We all know the importance of having an emergency fund.  If anything 2020 was a wake up call regardless of having savings on hand for that rainy day.  An emergency fund is liquidity, money that is easily accessible when needed.  There is lots of debate over how much you should keep in an emergency fund – truthfully no such amount could have been put away for 2020. But how much will depend on your ability to save for that unforeseen circumstance. Something saved is better than nothing!

9. FINDING BALANCE

It sounds so basic because it is. The formula is so simple – spend less than you make. With financial institutions so readily willing to give out credit cards and lines of credit, it is so easy for all of us to spend more than we earn. The problem is that spending eventually catches up with us to the point where we have too much debt. No matter who you are and how much debt you may or may not have, budgeting is an essential part of life. Take the time to track your expenses for at least three months and you’ll have a pretty good idea of where your money is being spent.

Coming up with a financial goal is one thing but sticking with it and making it happen is another. The results of financial goals depend on the habits and routines you use daily. We are all creatures of habit. In order for your financial goal to work, you need to become diciplined in your daily routine. These saving habits need to become second nature. The reason most financial goals do not work is simply that we fail to follow a plan. In order to follow your new plan, you need to understand the process. 

Where do you start?

Keep It Simple for Success – you need to set goals and stay focused on those goals! There’s something to be said about Keeping It Simple for Success!
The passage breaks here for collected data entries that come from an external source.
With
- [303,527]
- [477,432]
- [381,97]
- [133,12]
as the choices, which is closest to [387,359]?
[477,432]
  1. Change your lifestyle – To be successful, you must make everlasting changes and the only way you can do that is to change your habits. If it takes 21 days to change a habit, then how long does it take to change a lifestyle. In my opinion it’s a want not a need for change to happen, you must want to change in order to create change.
  2. Do more – The best ideas in the world are the ones that are put to work. You are better to do something and fail then to do nothing at all. You have to want to do more to create the change that is necessary for your financial future.
  3.  Take ownership – It’s much easier to blame other people or circumstances, but if you hold yourself accountable, the future is yours and yours alone! Stop making excuses, stop whining, stop blaming. Focus on the things that help you stay accountable for your own financial future. 
  4. Stick with the plan –The key is to have a plan in place. Once you have the plan, then you need to keep on track until it becomes a habit. Whatever that time frame is, the bottom line is changing your habits requires continuous effort, and significant discipline.
  5. Find Support – Most things we accomplish in life, we accomplish with the help of others. If you want to get ahead financially, it often helps to have someone with knowledge in that field that supports you. Some say knowledge is power but at the end of the day, it’s up to you if you want less debt, more money, more wealth or whatever your financial goal you desire. Find an advisor that can help you put together the plan that best suits your needs.